In this mix third personalities emerged: Arvind Kejriwal in India and Bernie Sanders in the US. Both could match the anti-establishment rhetoric of a Modi or a Trump.
Sanders could muscle his way into the Democratic Party and mount a credible challenge to Clinton and force the party to at least acknowledge on paper his economic and social concerns. But a Kejriwal could never get a voice in the dynastic Congress party, leave alone challenge the leadership.
The campaigns in both countries quickly sank into personalised confrontations and name calling while issues faded into background.

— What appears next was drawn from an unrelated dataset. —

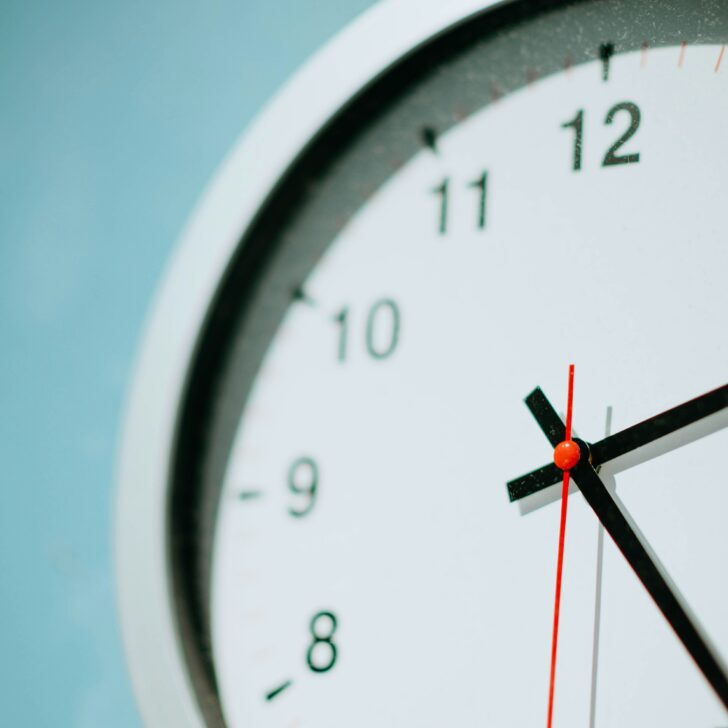 Domenica scatta l’ora legale: iniziano le giornate più lunghe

Dismissing Modi/Trump with contempt as personalities unfit for office the media pushed itself into a corner. Meanwhile, Modi/Trump managed to get the message out to the base by manipulating the media in their own game.
The Indian media at least was more accurate in its polls, even if it didn't get Modi's victory margin right. The US media was left stunned by its own ineptitude.

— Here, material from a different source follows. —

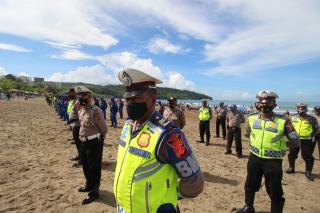 Kapolres Ciamis Bersama Bupati Pangandaran Pimpin Oprasi Yustisi di Pantai Pangandaran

Modi/Trump during the campaigns and after the elections treated the media, NGOs, activists, the intelligentsia and the culture icons with disdain and cut off their easy access to power and the attendant privilege.
Patriotism is the rallying cry of Modi/Obama. Both have vowed to put their countries first and emphasise private sector-style of management. They are courting businesses at home and abroad to sign on to their agendas of job growth and "Make in India/America."
Modi/Trump, with outsize egos and strong wills, are exercising strong control over the government.
The media and the defeated sides, meanwhile, continue their relentless, scorch earth campaign -- and its not entirely their fault. The victors haven't reached out to heal the rift across the polarised divide.
And here comes another foray into the time warp. After Indira Gandhi won the 1971 election, the opposition raised the spectre of Soviet interference. She did move closer to the Soviet Union, signing a treaty of friendship that year.
She in turn invoked the "foreign hand," an allusion to the West, trying to destablise her.